Colony formation assay
Cervical carcinoma cells were plated in 6-well dishes (500 cell/dish) and then incubated for 2 weeks for colony formation. After 14 days, cell colonies were then fixed in 4% polyformaldehyde and stained with 0.1% crystal violet. All colonies were counted separately for each sample, and the relative colony numbers were calculated.
EdU staining
EdU staining was performed by the protocol of EdU staining kit (KeyGEN, Nanjing, China), then the pictures were taken with ZEISS Axio Imager Z1 (ZEISS, Jena, Germany).
Plasmids, retroviral infection, and transfection
All lentiviral vectors contained the puromycin resistance gene. Vectors encoding FUBP1 plasmid and FUBP1 shRNA were purchased from Hanbio Biotechnology Co., Ltd, (Shanghai, China). After transfections 48 hours, confirmation of overexpression or interference was carried out using qRT-PCR.

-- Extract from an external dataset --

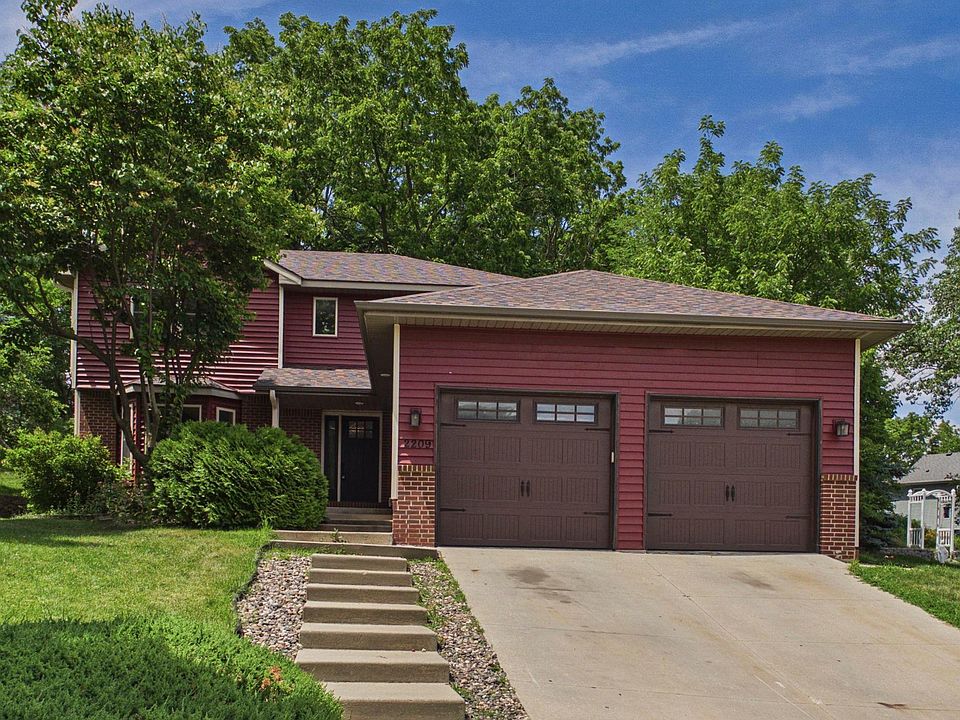 1st image of 2209 Beacon Dr SW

Annexin V/propidium iodide flow cytometric analysis
Cervical carcinoma cell staining with Annexin V and PI was carried out using an Annexin V-FITC/PI Apoptosis Detection kit (Merck, Germany). A total of 1x106 cells were incubated at 37°C for 30 minutes before centrifugation to collect the cell pellet, then resuspended in a Ca2+-enriched binding buffer and analysed using a Beckman Coulter flow cytometry. Data were calculated using Cell Quest software.
TCGA Data Analysis
The RNASeq data and clinical data for cervical carcinoma were obtained from The Cancer Genome Atlas (TCGA) databases (https://genome-cancer.ucsc.edu). For the association of FUBP1 expression with survival, patient vital status (dead and alive) was used as a surrogate end-point and patients dichotomized by FUBP1 expression. Kaplan-Meier survival curves were constructed, and the log-rank test was carried out using univariate analysis. Gene Set Enrichment Analysis (GSEA) was manipulated to predict the biological processes based on FUBP1 high and low expressed phenotype. A leading edge analysis was performed by GSEA 4.0.3 to elucidate key genes related to selected genes sets. EnrichmentMap plugin in Cytoscape 3.7.1 software was utilized with the following parameters: p-value cutoff = 0.005; similarity coefficient cutoff = 0.5. The protein-protein interaction (PPI) networks were constructed using The Search Tool for the Retrieval of Interacting Genes (STRING), which is a publicly available software for assessing the interaction between proteins and proteins (https://string-db.org/).
Statistical analysis
The variability of the data is presented as the SD (mean±SD) and was assessed with Student’s t test between two groups. For multiple groups, significant differences were determined using one-way ANOVA. The relationships between FUBP1 expression and clinicopathological characteristics were determined using the χ2 test. Survival curves were plotted using the Kaplan-Meier method and compared using the log-rank test. Statistical significance was defined at P<0.05.